Inside Israel

Israel Sending Wheat to Sudan

Wheat harvest in Israel (Source: Wikimedia Commons)

Following last week’s agreement between Israel and Sudan to establish formal diplomatic relations, Israel has announced plans to help Sudan’s crippled economy by sending a large crop of wheat. “We are looking forward to a warm peace and are sending $5 million worth of wheat immediately to our new friends in Sudan,” the prime minister’s office tweeted. The deal with Sudan will include more aid and investment from Israel, particularly in technology and agriculture. Additionally, flights from Israel may now use Sudan’s airspace when travelling to South America. These accords with Sudan are of particular historic significance. In 1967, Sudan hosted the Arab League Summit at which the “three no’s” were announced, which have guided Arab-Israeli relations ever since: No peace with Israel, no recognition of Israel, and no negotiations with Israel. However, a new Sudanese government has been formed and is trying to move forward democratically. As a result, both countries are now looking forward to a peaceful future together.

Please pray for this new relationship between Israel and Sudan, and that other countries will seek peace with Israel.


Israeli Vaccine

Segev Harel will receive the first shot of Israel’s coronavirus vaccine candidate. (Source: Sheba Medical Center)

Israel vaccinated the first two people in Phase I clinical trials against COVID-19. Both volunteers, ages thirty-four and twenty-six, were healthy and ready for the vaccination. Both volunteers will stay in the hospital for twenty-four hours to be monitored before being sent home. The first phase of clinical trials will vaccinate 80 people ages 18–55 over the next month, with one in four subjects receiving a placebo. The next four volunteers will arrive in hospitals on Tuesday. Phase II, scheduled to begin in December, will enroll 1,000 people to receive the vaccination, ages 18–85, and those with pre-existing conditions can be included. If this group responds well, the third phase will begin in April or May 2021, with 30,000 volunteers. If there are no significant side effects, the vaccine will be approved for general use. Although approval would not be possible until the conclusion of the Phase III study, Israel Institute for Biological Research is already beginning production of the vaccine in anticipation of approval next year, with 15 million doses expected to be ready by July. As a backup, Israel is trying to produce its own vaccine despite agreements with companies from the United States, Russia, and China to obtain their vaccines if they are effective. The vaccine is called Brilife, which is a combination of the Hebrew word for health (bri’ut) and life. The name also contains the abbreviation for Israel, IL, as well as the letters that make up the abbreviation of the laboratory name, IIBR.

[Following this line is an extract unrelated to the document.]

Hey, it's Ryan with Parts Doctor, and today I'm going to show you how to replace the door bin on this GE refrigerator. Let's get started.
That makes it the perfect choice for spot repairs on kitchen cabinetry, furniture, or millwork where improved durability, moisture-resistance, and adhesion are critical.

Please pray for research and development of the COVID-19 vaccine as countries race to find an effective prevention for the illness. Please Lord, help us!

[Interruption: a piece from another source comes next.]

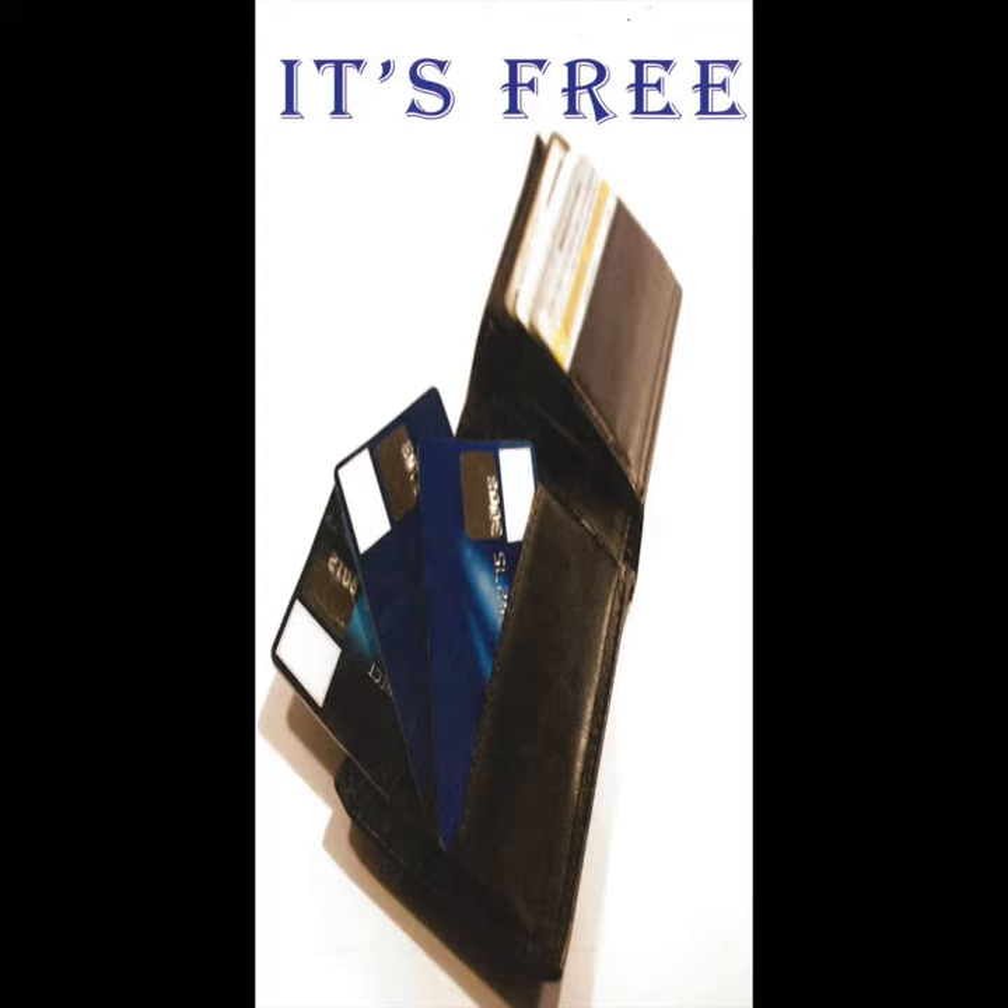The right-hand panel of the tract, as it's open, asks this question: 'Where can I find it? Where can I find this gift?' The answer is 'In God's Risen Son,' and there are four Bible verses there to give the clear teaching that Jesus Christ is the place where we find God's salvation.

Read more at Times of Israel…


Israel Defense Forces Complete Massive Military Drill

IDF soldiers in ‘Lethal Arrow’ exercise simulating war in October 2020. (Source: Israel Defense Forces)

On Thursday, the Israeli Defense Forces (IDF) finished their largest military drill of the year, simulating, among other scenarios, a large-scale war in the north with Hezbollah. Called “Lethal Arrow,” the maneuvers were designed to improve the IDF’s offensive capabilities, to work on coordination and cooperation up the chain of command through its different branches, and to test the use of new elements to help during a battle. The military drill even brought in reservists but was significantly smaller than originally planned because of COVID-19. In addition to combat soldiers from land, sea, and air units, there were also units trained in cyber defense, logistics, and communications who participated in the exercise.

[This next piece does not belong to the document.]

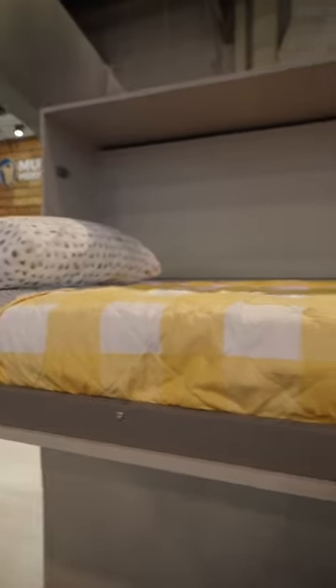But this is our bunk bed and we're super excited. It's going to launch in three to four months.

Please pray for the Israeli Defense Forces who serve to protect the nation of Israel from war and cyber warfare.

Read more at Times of Israel…


Small Gatherings, Small Beginnings

Our center in Ramat Gan, pre-Coronavirus

Recently, with restrictions eased, our dedicated team of workers who serve and minister to Holocaust survivors was able to gather a very small group, socially distanced, for a picnic outside. Everyone enjoyed the time together, played games, ate their food, and listened to encouragement from the Scriptures. They were starved for fellowship and companionship and eager to laugh and be around other people.

Please pray for future small gatherings and for those who will attend.

Praise God for the small gatherings that have already taken place and for those who were brought out of their loneliness and felt the company of believers. May we continue to bring hope and light in these trying times.